Dr. Frank Fortunato has been a dear friend of ours for many years. His extensive experience as a worship missionary around the globe with Operation Mobilization along with his nuanced and well-developed theology of worship is a guiding light in our work as global worship leaders. Here is a reposted article on the subject of diversity in worship. ~ Peter Shu, Founder, Global Worship Movement.

DECLARE GOD’S GLORY

A modest discussion about Global Worship

By Frank Fortunato

Reposted from article for Worship Leader Magazine

It’s Christmas season at a large Southern California church. Someone announces that the next song will be a Nigerian Christmas carol sung and performed on twelve djembe drums. An African cry of excitement pierces the air in the filled-to-capacity 5,000-seat auditorium. Fuller Professor Roberta King described the moment as one of ecstatic joy for those Nigerian Californians who had the opportunity to experience Christmas for those few moments in their own musical language.

While ethnic melodies enrich the worship across the nation, many churches are still rather clueless about incorporating an African song with djembe drum into a Christmas celebration. So Roberta has been at the forefront exhorting churches to catch on and catch up.
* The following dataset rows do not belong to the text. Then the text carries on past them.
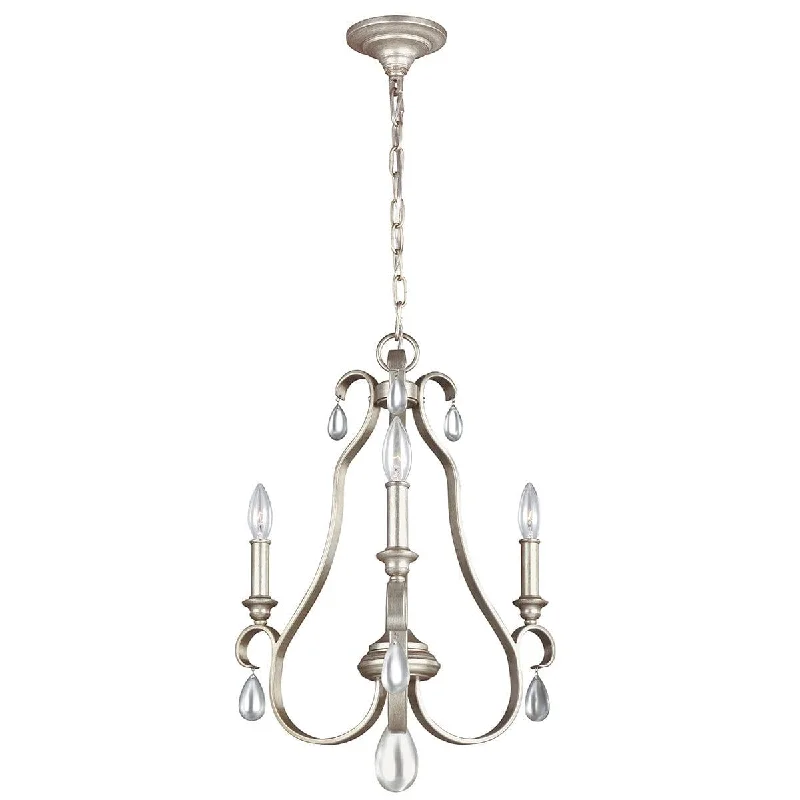 Feiss DeWitt 3 Light Chandelier Ceiling Light - Sunrise Silver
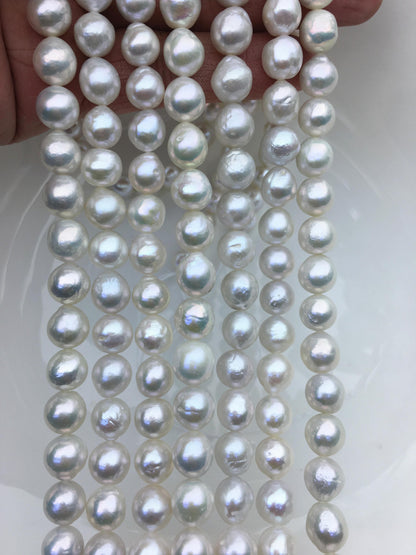AA+ 8-10mm white baroque drop Edison Freshwater Pearl,ED10-2A-2-44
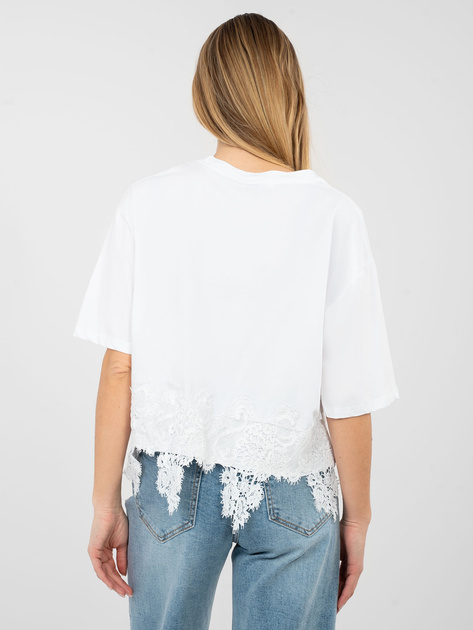 Biała bawełniana bluzka z napisami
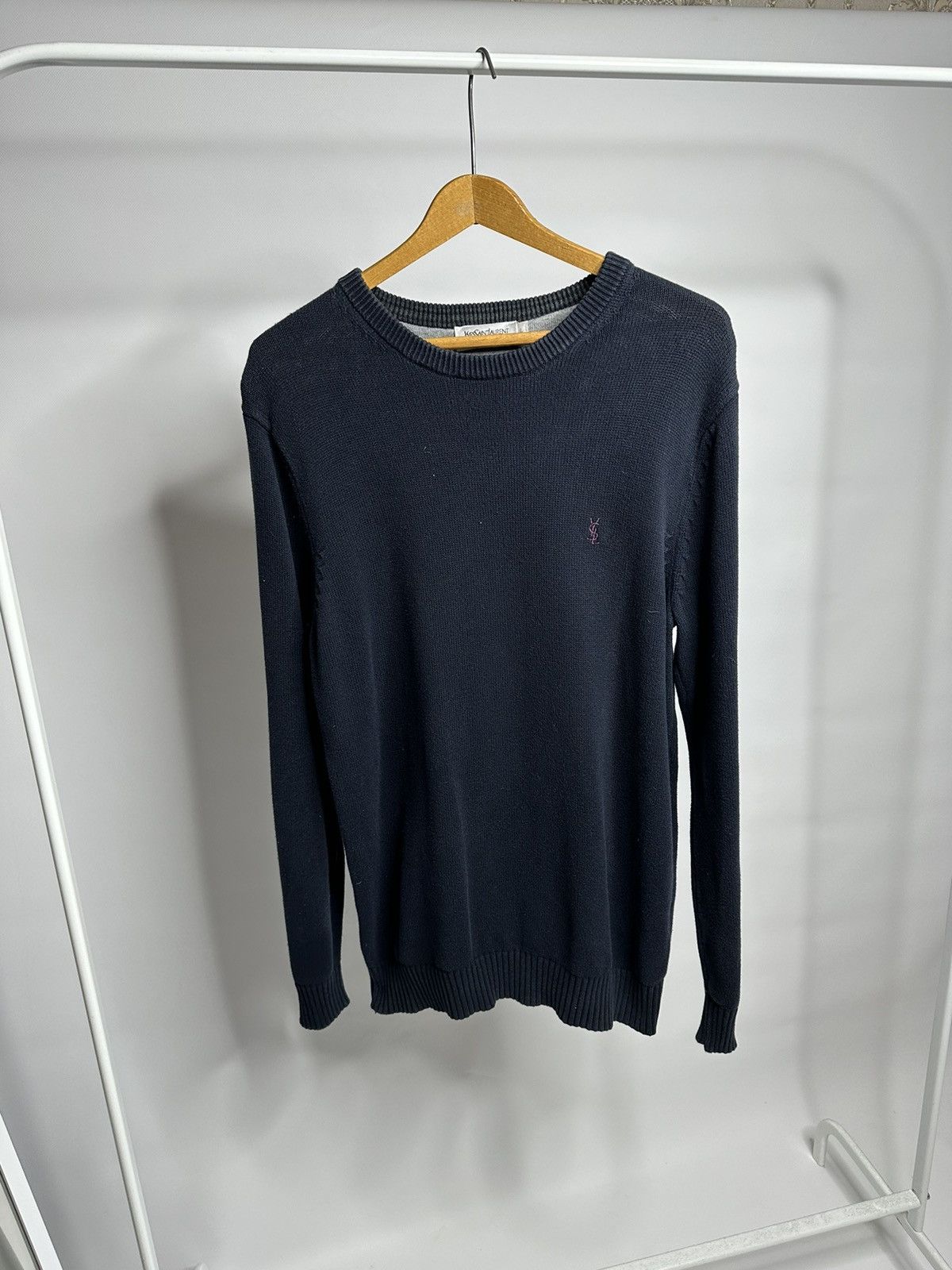 Vintage × Yves Saint Laurent Blue YSL Sweater Knit Saint Lauren Jacket Size US L / EU 52-54 / 3 - 2 Thumbnail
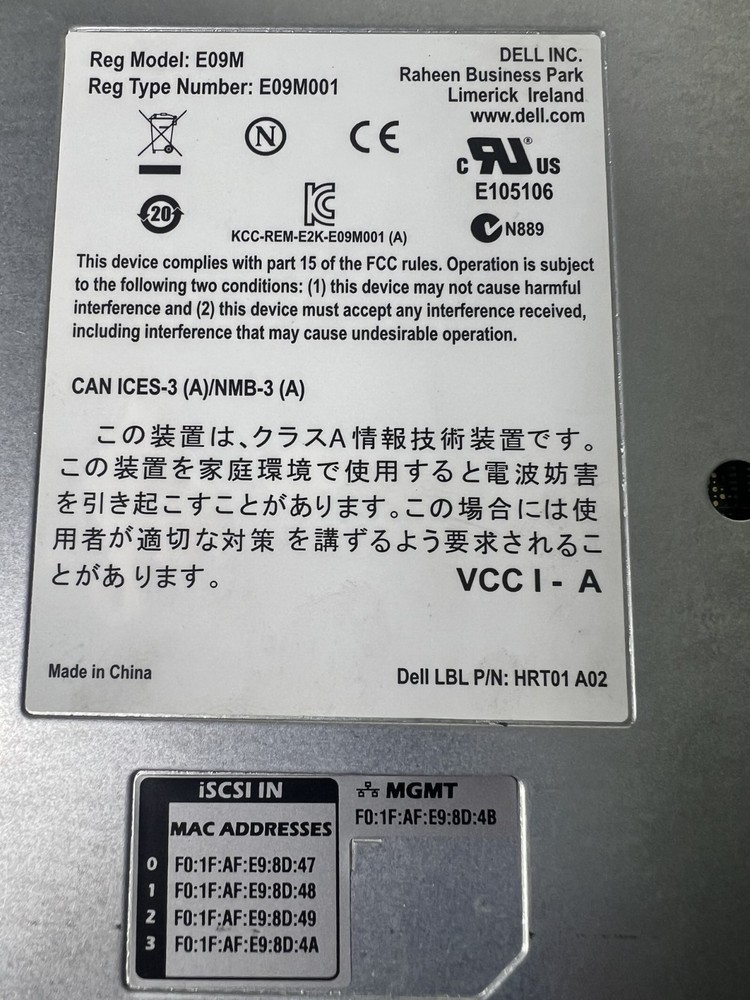 Dell EqualLogic Control Module TYPE 11 Controller Module E09M001 E09M 674757 Ser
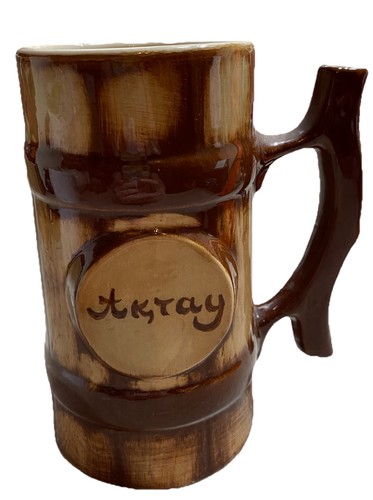 Vintage pottery tankard mug - vintage,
She describes the peril North American churches face when not adequately ministering to the wide range of worship needs in the ever-changing cultural make-up of our congregations, calling it a 21st century version of cultural imperialism. With prophetic precision she shares how the use of culturally distinctive worship practices different from our own broadens and enriches our understandings of the breadth of God on a global scale.i

However, engaging in multi-cultural worship in our churches is not for the fainthearted pastor or worship leader. Roberta adds that it will require hard work, learning to understand other people’s cultural rites, songs, and prayers and how to adapt them into multicultural worship. John Witvliet, head of the Calvin Institute of Christian Worship sizes up the daunting attempt: “The topic of Christian worship worldwide…is endlessly interesting, profoundly instructive, and unmanageably large. The scope is nothing less than the worship practices of the world’s two billion Christians—Orthodox, Roman Catholic, Protestant, and Pentecostal—in 200+ countries and hundreds of cultural and ethnic groups, each of whom have unique patterns of dress, speech, aesthetic sensibilities, interpersonal communication habits…” ii What follows is a very modest attempt to offer some brushstrokes on the huge global worship canvas. A good place to begin is Ps 96:3, “declare His glory among the nations.”

1 Declare Glory

Glory. What an awe-filled word; the sum total of all His perfections and attributes. Some describe glory as God’s brilliance and presence radiating through the universe. In sublime language Barth spoke of glory as “a great outpouring of overflowing light begun in the Trinity extended into all creation, in which we are invited to participate through worship.” iii We humans could never comprehend such dazzling glory emanating endlessly from the very throne room of God. In His kindness, God “earthed” and grounded his glory for us: “The Word became flesh and blood…We saw the glory with our own eyes, the one-of-a-kind glory, like Father, like Son.” (John 1:14. Message). In an astonishing biblical passage God invites us to participate in His glory. Paul describes a “face-changing” transforming activity: “We all, with unveiled face, beholding as in a mirror the glory of the Lord, are being transformed into the same image from glory to glory, just as from the Lord, the Spirit.” (2 Cor. 3:18, NASB). iv

Witvliet offers a slightly modified metaphor. Rather than a mirror reflecting glory back to us, he suggests peering through to God’s glory. He shares: “Think of worship as a window. In Psalm 63 we ‘behold God’s power and glory…(We see) ‘the light of the knowledge of the glory of God in the face of Jesus Christ.’ (2 Cor. 4:6)… He goes on: “The temptation we face as worship leaders is that we will spend so much energy dressing this window, repairing this window, or cleaning this window that we have no time to look through it…pondering the sheer beauty and glory of God.” v

2. Declare glory through multicultural worship

Whom we behold and ponder inwardly we declare outwardly. Notre Dame professor Mark Knoll imagined what it would look like to sound out Psalm 150 multi-culturally. With imagination and musical flare he paraphrased: "Praise him with syncopation and on the beat. Praise him with 5-tones (the Thai xylophone), 12-tones (most Western music), 24-tones (Arab music), and all scales in between. Praise him a cappella, with orchestra, and with drum set. Praise him with works of supernal intelligence and greatest simplification. Let everything that breathes praise the Lord! Together." vi

Urban churches are experimenting and catching on using the differing ethnic sounds. More research will be needed, but groups like the Mosaix Global Network have begun to track what works and does not work bringing multi-racial and multi-cultural worship to North American churches. Many non-American churches are much further along. Kensington Temple in Central London gathers worshipers from more than 90 nations to their services, and uses the rich tapestry of ethnic instruments and sounds in their worship.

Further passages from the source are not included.